The real kicker comes when you realize that by doing more than expected, you receive positive feedback from many who observe your effort. Positive feedback provides the fuel to recharge and repeat the process. Repeating the process leads to even more positive feedback. What a wonderful cycle!
So why not cut years off the price it takes to move ahead? The answer is simple. It’s not always easy and convenient to do more than expected more often than not. It’s not always noticed, and it can occasionally subject you to negativity from your peers. My mother, an executive secretary, joined a typing pool and was told to slow down because she was “making the others look bad.”
Sadly, most days, the negativity comes from within.

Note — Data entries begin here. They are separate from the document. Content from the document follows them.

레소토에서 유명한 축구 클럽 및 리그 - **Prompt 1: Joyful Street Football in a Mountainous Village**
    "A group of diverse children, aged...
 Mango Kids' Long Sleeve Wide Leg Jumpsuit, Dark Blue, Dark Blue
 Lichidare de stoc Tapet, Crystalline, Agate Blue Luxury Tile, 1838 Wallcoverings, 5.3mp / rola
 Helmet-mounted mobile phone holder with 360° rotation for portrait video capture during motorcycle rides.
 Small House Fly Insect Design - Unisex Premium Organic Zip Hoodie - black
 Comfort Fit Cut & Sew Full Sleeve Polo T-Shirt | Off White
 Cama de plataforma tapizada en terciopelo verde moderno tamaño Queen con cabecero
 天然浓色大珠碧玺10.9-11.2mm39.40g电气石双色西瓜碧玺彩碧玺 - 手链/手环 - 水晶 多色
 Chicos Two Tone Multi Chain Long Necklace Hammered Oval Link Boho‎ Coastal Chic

We self talk our way out of improvement. Ever uttered or thought, “I could never do….” See what I mean?
Have you ever gone beyond the minimum required to impress someone? Maybe a coach, a boss, a girl friend, or a parent. Why? The key is something we wanted. The discipline to go the extra mile comes from remembering what you want.
A funny thing happens when you start implementing this rule. It’s contagious. In the movie Cool Hand Luke, Paul Newman proposed that the prisoners outwork the daily plan for the road crew, so they could have a break at the end of day. He and George Kennedy just started picking it up, and the other inmates jumped in. In 2010, Cam Newton started making plays with his feet and his arm for a team forecasted to finish 4th in their division. Everyone noticed, the team picked up their play, and in January 2011, Auburn was crowned BCS Champion. And it was an unheralded line and a freshman running back that brought the victory home at the end of the game.
So how do you make this happen? Here are some tips:
1) Pick an activity that you do on a regular basis.
2) Ask yourself, “What would represent doing this a little better?”
3) Write your description of what a little more would look like.
4) Choose a reward for doing this for the next 30 days.
5) Tell an accountability partner of your plan.
6) Each morning repeat the following scripture: “Whatever you do, work at it with all your heart, as working for the Lord, not for men, since you know that you will receive an inheritance from the Lord as a reward. It is the Lord Christ you are serving.” (Colossians 3: 23-24, NIV Bible)
7) Every time you achieve your little extra goal, smile, physically celebrate, and record the date and achievement.
8) Reward yourself after 30 days of consecutive improvement.
9) Choose another activity and repeat. Repeat.
It’s never crowded on the extra mile!